I would really like to see your planes, hopefully you can post some pictures.


----------



## asevereid (Apr 15, 2012)

Same here, let's see some pics! 
Restoration threads are always good


----------



## maple man (Dec 21, 2012)

BigJim said:


> I would really like to see your planes, hopefully you can post some pictures.





asevereid said:


> Same here, let's see some pics!
> Restoration threads are always good


 I though if had posted pictures with them but I guess they didn't post with it


----------



## maple man (Dec 21, 2012)

Here is the pictures


----------



## BigJim (Sep 2, 2008)

Those are some nice planes, you should get a lot of great use out of them. Restoring them will be fun, just take your time and enjoy. Thanks for the pictures, we always love the pictures.


----------



## asevereid (Apr 15, 2012)

I can't tell the exact types there... But I'd jump on that for $25.


----------



## Toolman50 (Mar 22, 2015)

Maple
You got you $25 worth and then some. Nice buy. 
Now, how are you at sharpening?


----------



## maple man (Dec 21, 2012)

Toolman50 said:


> Maple
> You got you $25 worth and then some. Nice buy.
> Now, how are you at sharpening?


I use water stones but I plane on buying vet it's blades for them because some are pretty thin


----------



## maple man (Dec 21, 2012)

Anyone have votes on colors for them


----------



## hwebb99 (Nov 27, 2012)

maple man said:


> Anyone have votes on colors for them


 I'd paint them their original color, most likely black.


----------



## maple man (Dec 21, 2012)

Just a small update I just order a sand blasting gun and cabinet with media to remove some of the heavy rust on two of the planes and I started to make the new totes and knobs too. I decided to use cherry for them and the paint color I settled on is a blue similar to this one but I want something a little bit more glossy and liter in color. Anyone have any suggestions on what type of paint to use I already know I am going to spray them but should I use a rustolem type paint or would just regular rattle can paint work


----------



## Mort (Jan 4, 2014)

I used rattle can black when I restored mine, worked just fine. With proper prep and technique it'll turn out great.


----------



## maple man (Dec 21, 2012)

Mort said:


> I used rattle can black when I restored mine, worked just fine. With proper prep and technique it'll turn out great.

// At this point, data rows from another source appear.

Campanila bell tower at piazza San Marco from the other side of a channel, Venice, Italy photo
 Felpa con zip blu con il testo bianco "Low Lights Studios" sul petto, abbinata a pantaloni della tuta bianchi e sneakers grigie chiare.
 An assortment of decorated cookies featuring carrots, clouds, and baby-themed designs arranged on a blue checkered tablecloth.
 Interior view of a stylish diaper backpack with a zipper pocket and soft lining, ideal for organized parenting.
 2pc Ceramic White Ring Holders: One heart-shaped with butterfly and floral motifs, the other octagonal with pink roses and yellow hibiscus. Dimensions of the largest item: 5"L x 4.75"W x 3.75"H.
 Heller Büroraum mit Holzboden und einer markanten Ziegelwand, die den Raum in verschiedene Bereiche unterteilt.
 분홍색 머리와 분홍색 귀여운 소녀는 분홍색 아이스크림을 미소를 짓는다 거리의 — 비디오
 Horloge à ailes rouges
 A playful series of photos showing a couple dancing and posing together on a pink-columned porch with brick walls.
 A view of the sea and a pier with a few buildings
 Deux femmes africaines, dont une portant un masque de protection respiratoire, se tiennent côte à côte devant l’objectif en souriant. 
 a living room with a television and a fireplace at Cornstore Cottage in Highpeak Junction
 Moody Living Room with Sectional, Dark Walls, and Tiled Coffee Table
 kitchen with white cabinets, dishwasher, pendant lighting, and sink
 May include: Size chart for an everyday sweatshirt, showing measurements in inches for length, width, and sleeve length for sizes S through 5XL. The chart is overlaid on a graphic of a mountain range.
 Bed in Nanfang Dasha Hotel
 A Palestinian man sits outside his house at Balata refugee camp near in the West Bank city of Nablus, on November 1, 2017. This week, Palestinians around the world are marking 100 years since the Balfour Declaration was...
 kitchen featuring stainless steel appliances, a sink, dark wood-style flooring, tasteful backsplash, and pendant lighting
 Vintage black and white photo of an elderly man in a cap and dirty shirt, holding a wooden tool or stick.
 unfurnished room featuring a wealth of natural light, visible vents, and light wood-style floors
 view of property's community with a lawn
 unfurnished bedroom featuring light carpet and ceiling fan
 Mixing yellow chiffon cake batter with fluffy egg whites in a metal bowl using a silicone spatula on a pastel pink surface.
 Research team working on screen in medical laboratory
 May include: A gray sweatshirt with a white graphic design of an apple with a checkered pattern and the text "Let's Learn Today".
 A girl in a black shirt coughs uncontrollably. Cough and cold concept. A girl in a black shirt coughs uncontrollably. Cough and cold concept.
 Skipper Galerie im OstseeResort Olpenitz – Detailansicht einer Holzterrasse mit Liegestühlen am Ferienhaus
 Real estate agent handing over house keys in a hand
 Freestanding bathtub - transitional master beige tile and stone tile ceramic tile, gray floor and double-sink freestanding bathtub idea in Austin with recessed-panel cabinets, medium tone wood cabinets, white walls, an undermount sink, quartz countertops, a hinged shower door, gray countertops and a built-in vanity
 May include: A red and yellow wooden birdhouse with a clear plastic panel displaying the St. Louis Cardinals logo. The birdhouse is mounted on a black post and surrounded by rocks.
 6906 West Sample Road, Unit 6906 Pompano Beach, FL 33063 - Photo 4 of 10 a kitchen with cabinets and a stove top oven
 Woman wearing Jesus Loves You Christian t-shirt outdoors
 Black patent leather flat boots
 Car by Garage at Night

Thank you for the help I think I'm going to use the ace brand of paint and how many coat do you suggest I use on them


----------



## hwebb99 (Nov 27, 2012)

Here is what I used with good results. I used one coat of primer and two coats of paint. A sandblaster works great, but unless you have a huge air compressor it will take forever.


----------



## mengtian (Nov 8, 2012)

Definitly use engine enamel. That is what I use for mine. I also use electrolosis to remove the rust. It works awesome and get rid of it in all the nooks and crannies. Just set it up overnight and the next day just rinse off.
http://www.woodworkingtalk.com/f11/first-time-restoring-plane-50249/


----------



## maple man (Dec 21, 2012)

hwebb99 said:


> Here is what I used with good results. I used one coat of primer and two coats of paint. A sandblaster works great, but unless you have a huge air compressor it will take forever. [iurl="http://www.woodworkingtalk.com/attachment.php?attachmentid=174849&d=1437959643"]
> 
> 
> 
> ...


My compressor is a 70 gallon I believe or somewhere around there I'll have to look when I get home from vacation so no worries there.


----------



## maple man (Dec 21, 2012)

The sand blaster and the media I bought for it shipped today and should be here by Friday, so look out for a restoration thread for these couple of hand planes on Monday


----------